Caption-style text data
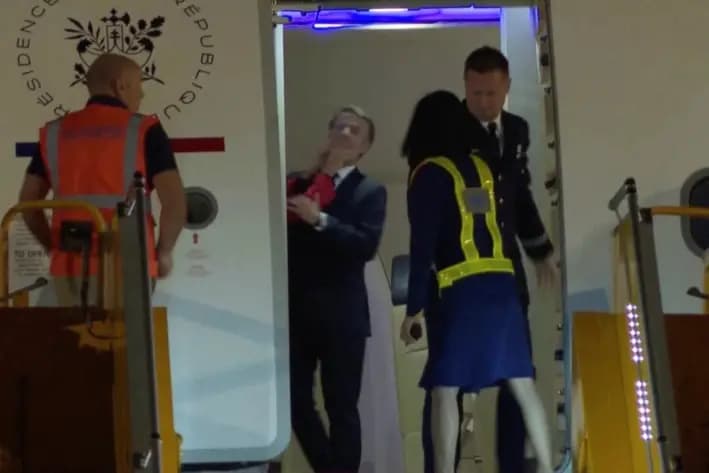 El presidente francés, Emmanuel Macron, pareció recibir una bofetada de su esposa tras la llegada de su avión a Hanói, Vietnam, el 25 de mayo de 2025. (Hau Dinh/AP Photo)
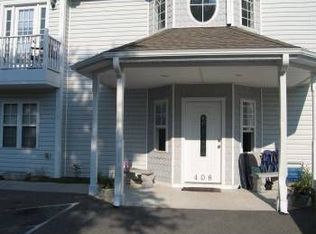 408 McGlamery St APT 3, Oak Island, NC 28465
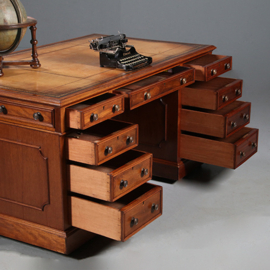 Mahonie bureau Goud gestempeld doorleefd leer ca 1870  (No.913145)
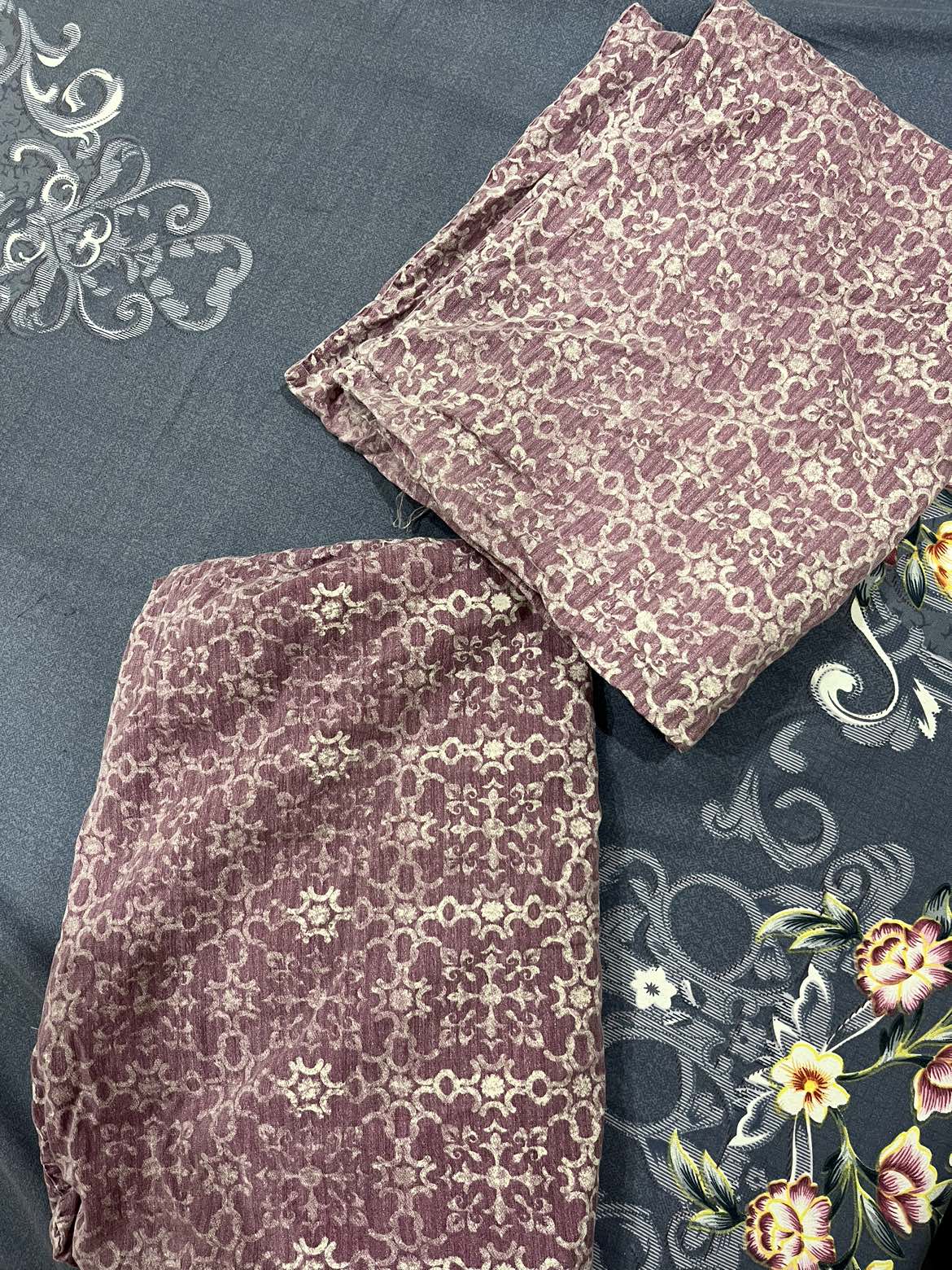 Pillow covers image indicator(2)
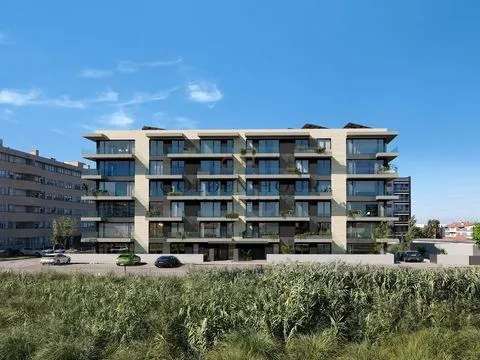 T3 à venda em Santa Marinha com varanda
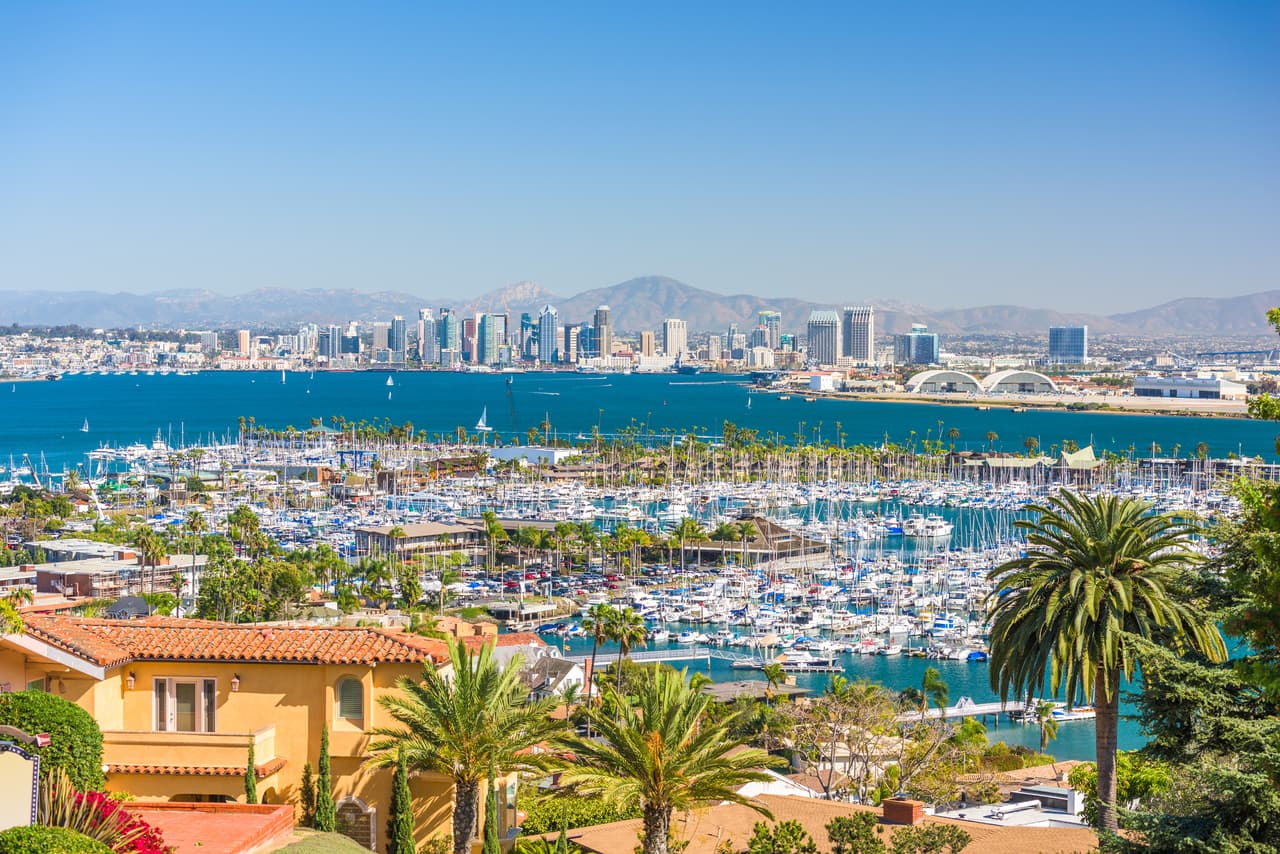 <h3 class="cms-H3-H3">3. San Diego, California</h3>
<br>
<br>➡️ 
<b>Cantidad de personas sin techo: </b>8,427
<br>
<br>Al igual que otras ciudades californianas, San Diego enfrenta una crisis de personas sin techo desde hace décadas, una que ha empeorado en los últimos años. Según Low Income Relief, el alto costo de vida y los salarios estancados son los responsables de esta crisis. Otros factores que contribuyen incluyen la desigualdad económica y los problemas de salud mental. 
<br>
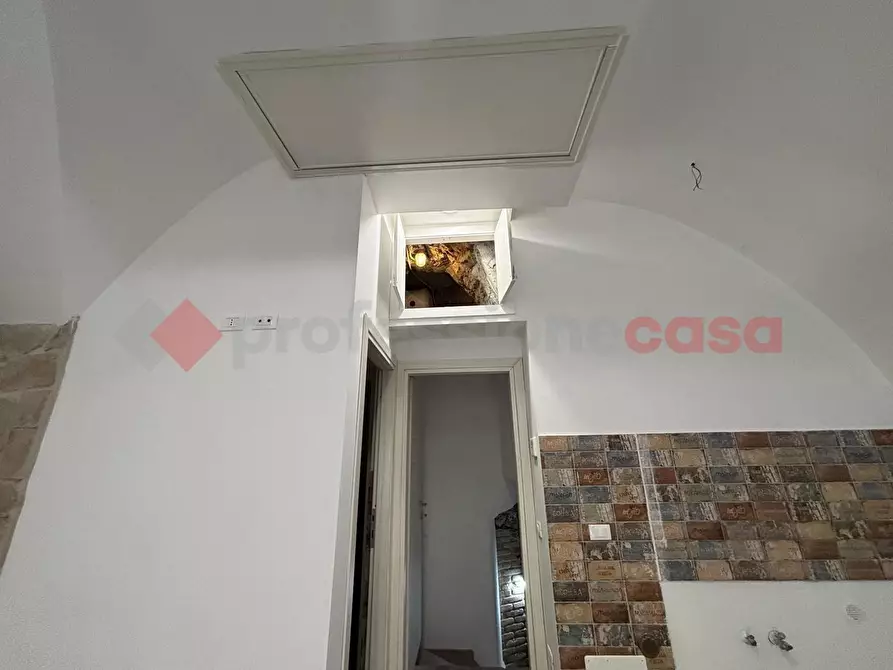 Immagine 27 di Negozio in vendita  in Via moele tosi, 2 a Paliano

** What this task involves **
For this exercise, set down the lines in the entries above from the one with "Mahonie bureau Goud" through the one with "<br>Al igual que" exactly as written, without any pictures.

** Exercise response **
 Mahonie bureau Goud gestempeld doorleefd leer ca 1870  (No.913145)
 Pillow covers image indicator(2)
 T3 à venda em Santa Marinha com varanda
 <h3 class="cms-H3-H3">3. San Diego, California</h3>
<br>
<br>➡️ 
<b>Cantidad de personas sin techo: </b>8,427
<br>
<br>Al igual que otras ciudades californianas, San Diego enfrenta una crisis de personas sin techo desde hace décadas, una que ha empeorado en los últimos años. Según Low Income Relief, el alto costo de vida y los salarios estancados son los responsables de esta crisis. Otros factores que contribuyen incluyen la desigualdad económica y los problemas de salud mental. 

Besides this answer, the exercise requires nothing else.